[[ Data supplied open ]]

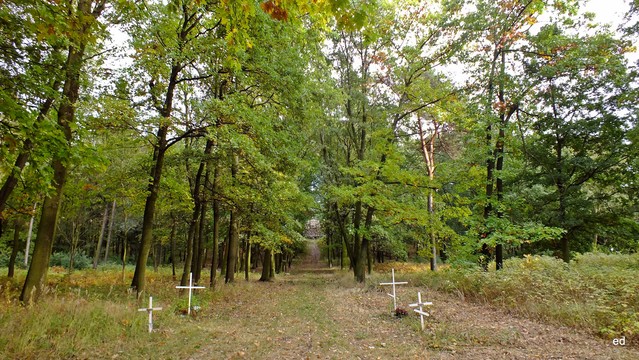 Łódź cementarz Gatka Stra Picasa #300026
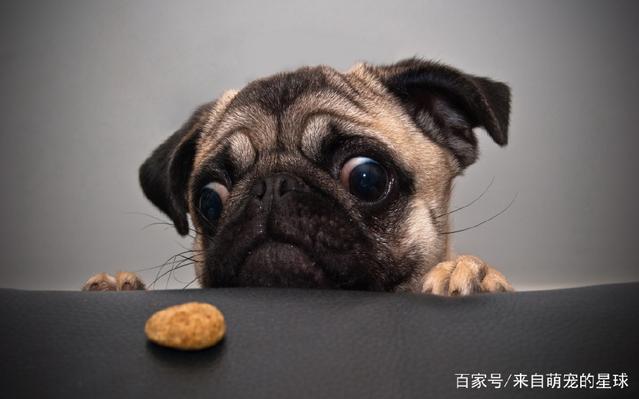 名貴的葫蘆品種大全_名狗大全狗品種介_名貴的桂花品種大全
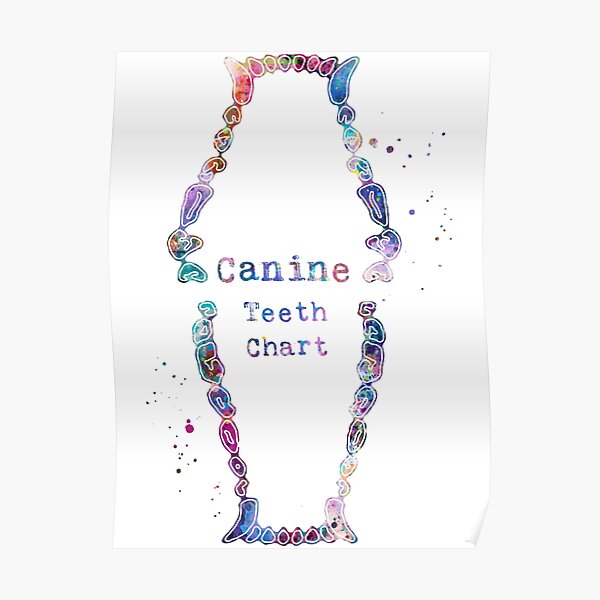 "Canine Dog Teeth Dental Chart" Poster for Sale by EvasDreams Redbubble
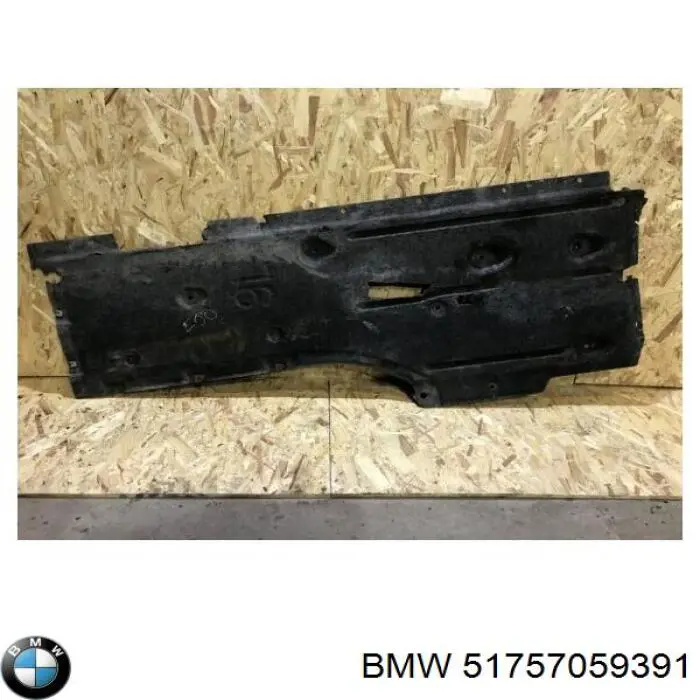 51757059391 BMW Protección inferior izquierda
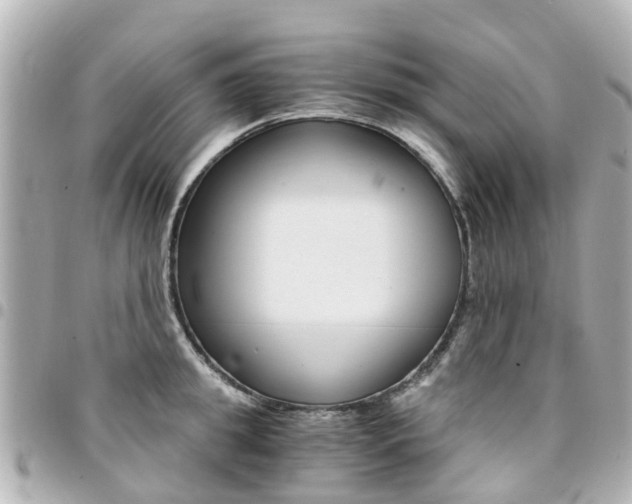 X0000094450949200711081044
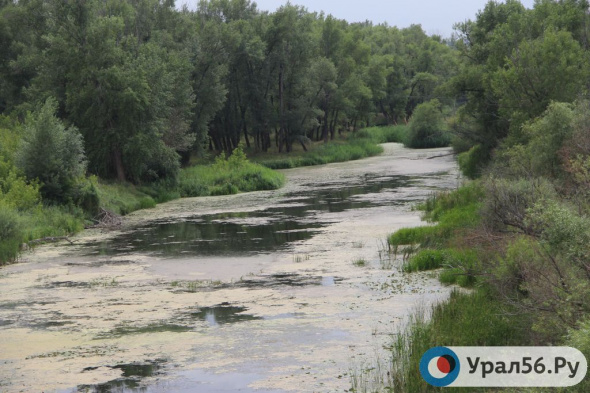 В Минприроде сообщили о случаях загрязнения в реках Урал и Блява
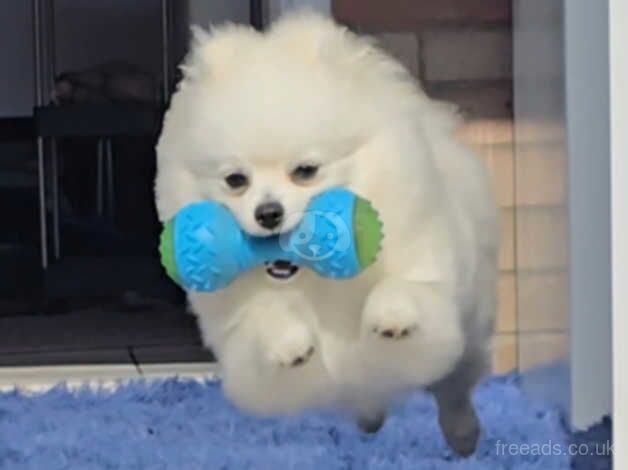 White pomeranian for sale in Skegness, Lincolnshire - Image 2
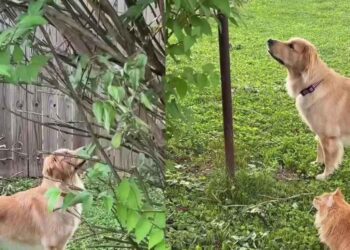 Golden Retriever Takes up Bird Watching To Bond With Her Cat Best Friend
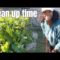 Cleaning up through garden|| Preparing for success | Urban garden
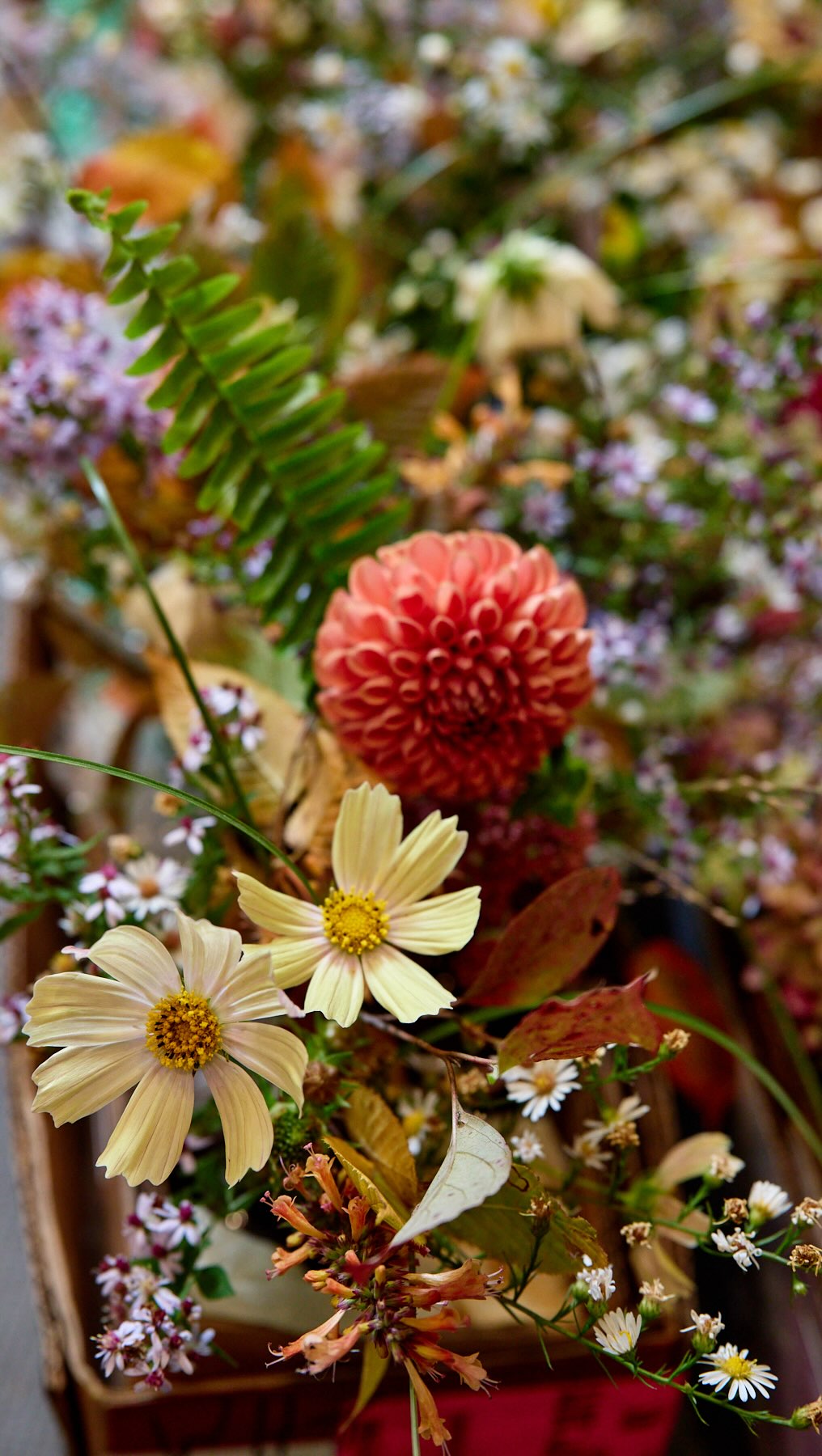 Let’s face it, in the beginning, we all had to start somewhere! — What would be one piece of advice you would tell your younger self who was about to embark on the new journey with flowers?
In this sneak peek clip of this week’s Slow Flowers Podcast episode, we have a valuable conversation with Rebekah Mindel of @meadowwilds on the topic of growing and designing weddings with a sense of season and place!
Stream Episode 680 this Wednesday, May 27th!
Happy Memorial Day! 🇺🇸🌹♥️
#slowflowerssociety #slowflowers #slowflowersmovement #sustainablefloristry #sustainabilty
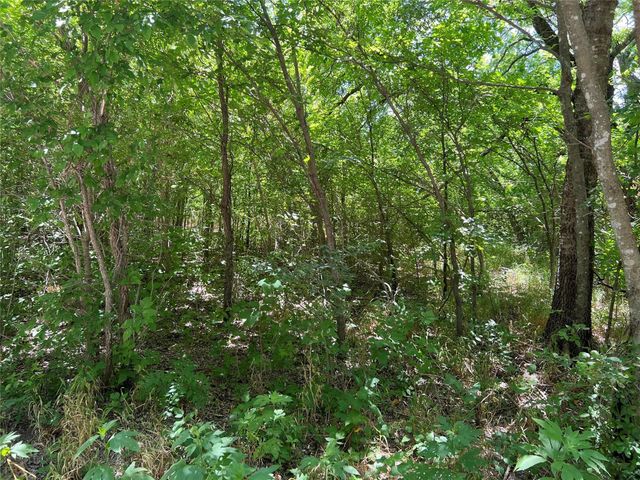 00 Bethel Cannon & Pilot Grove Road, Whitewright, TX 75491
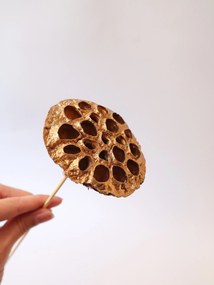 Arany Színű Szárított Lótusz ,szárított virágok, szárított fű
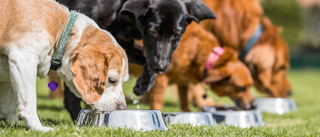 Adult dogs standing outdoors eating from silver bowls.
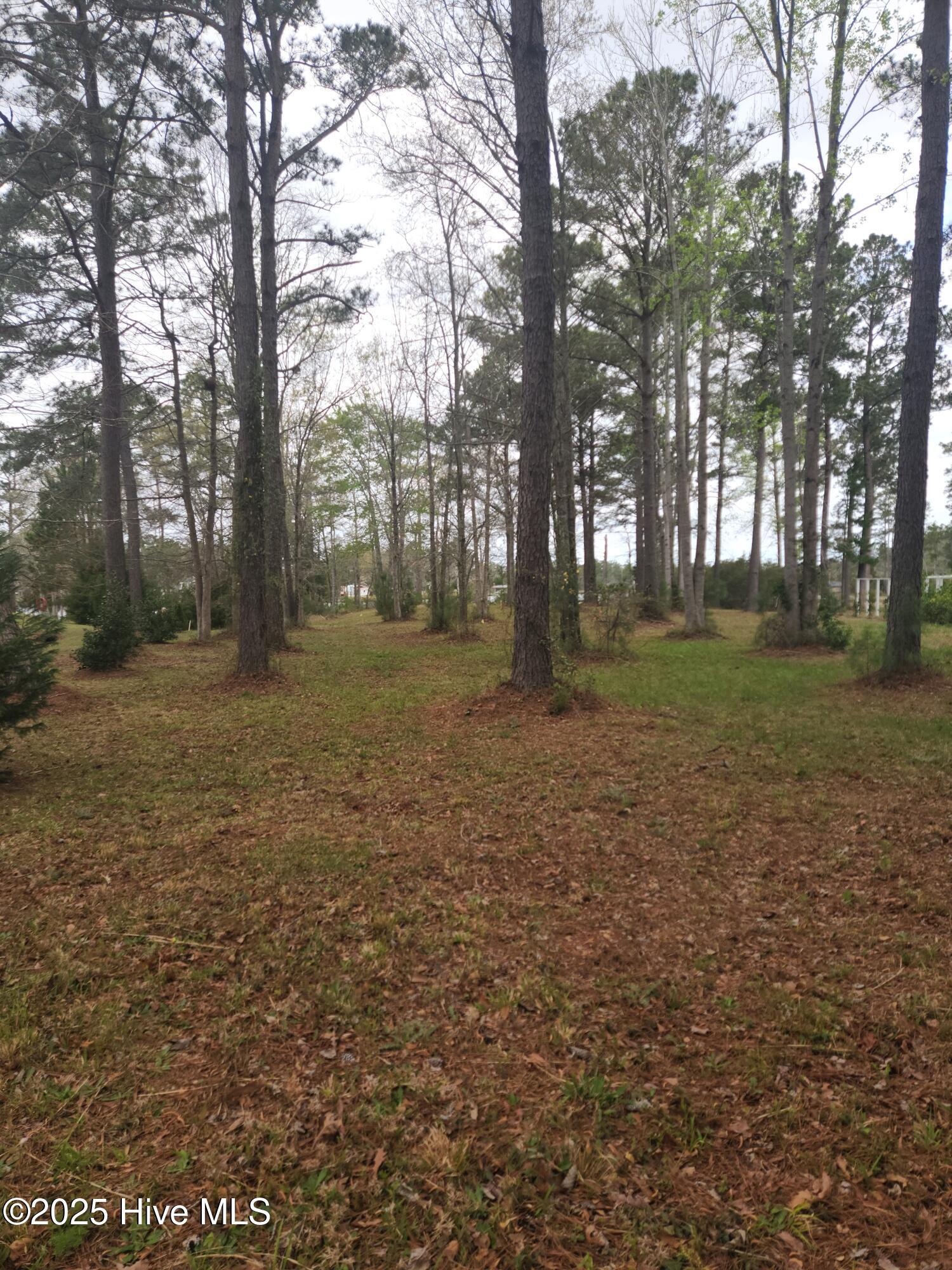 310 Southern Plantation Drive Property Photo 9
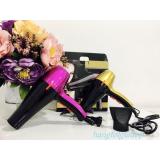 Máy sấy tóc Fashion hair dryer P-3100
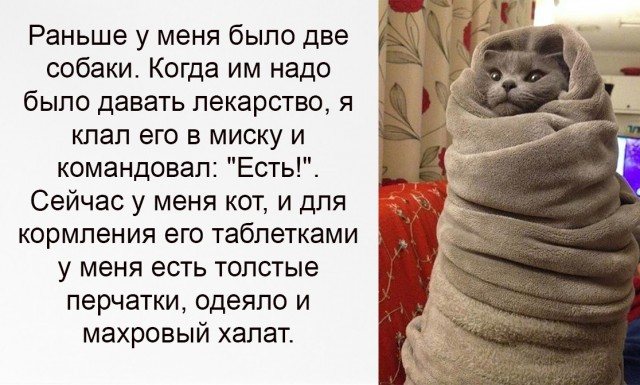 Картинки и мемы для настроения 27.09.2021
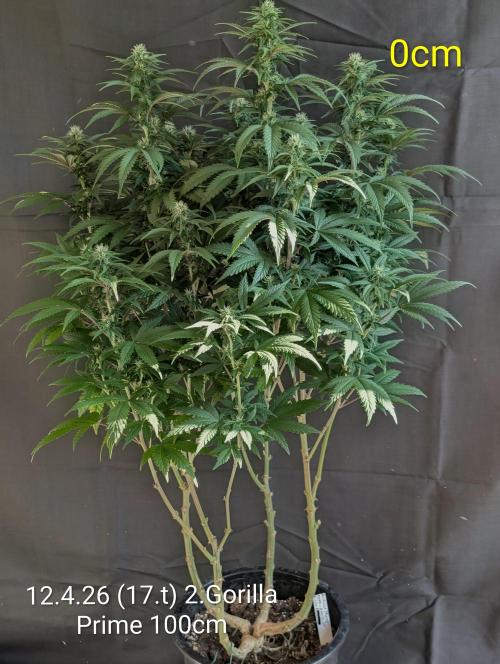 Moje po druheee😁🌱. Week 17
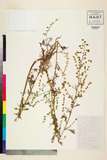 ئW:Artemisia carvifolia Buch.-Ham. ex Roxb.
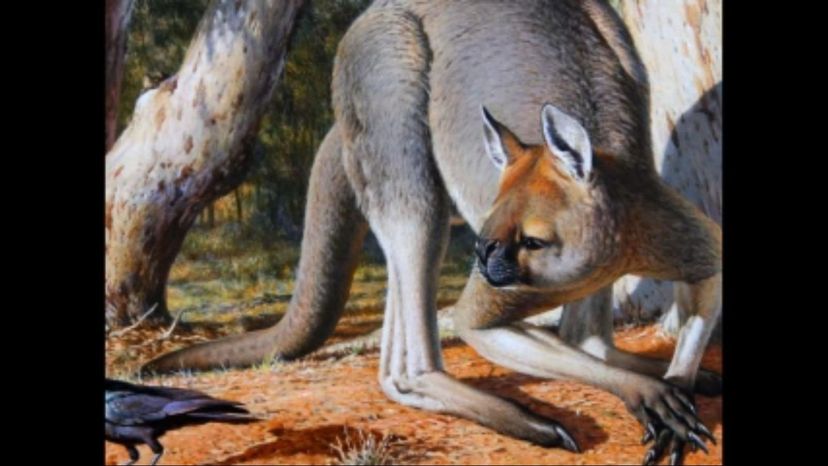 The Giant Short-faced Kangaroo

[[ Data supplied closed ]]

Work instruction: From the first line to the last, repeat the records exactly and skip the pictures.

Result below:
 Łódź cementarz Gatka Stra Picasa #300026
 名貴的葫蘆品種大全_名狗大全狗品種介_名貴的桂花品種大全
 "Canine Dog Teeth Dental Chart" Poster for Sale by EvasDreams Redbubble
 51757059391 BMW Protección inferior izquierda
 X0000094450949200711081044
 В Минприроде сообщили о случаях загрязнения в реках Урал и Блява
 White pomeranian for sale in Skegness, Lincolnshire - Image 2
 Golden Retriever Takes up Bird Watching To Bond With Her Cat Best Friend
 Cleaning up through garden|| Preparing for success | Urban garden
 Let’s face it, in the beginning, we all had to start somewhere! — What would be one piece of advice you would tell your younger self who was about to embark on the new journey with flowers?
In this sneak peek clip of this week’s Slow Flowers Podcast episode, we have a valuable conversation with Rebekah Mindel of @meadowwilds on the topic of growing and designing weddings with a sense of season and place!
Stream Episode 680 this Wednesday, May 27th!
Happy Memorial Day! 🇺🇸🌹♥️
#slowflowerssociety #slowflowers #slowflowersmovement #sustainablefloristry #sustainabilty
 00 Bethel Cannon & Pilot Grove Road, Whitewright, TX 75491
 Arany Színű Szárított Lótusz ,szárított virágok, szárított fű
 Adult dogs standing outdoors eating from silver bowls.
 310 Southern Plantation Drive Property Photo 9
 Máy sấy tóc Fashion hair dryer P-3100
 Картинки и мемы для настроения 27.09.2021
 Moje po druheee😁🌱. Week 17
 ئW:Artemisia carvifolia Buch.-Ham. ex Roxb.
 The Giant Short-faced Kangaroo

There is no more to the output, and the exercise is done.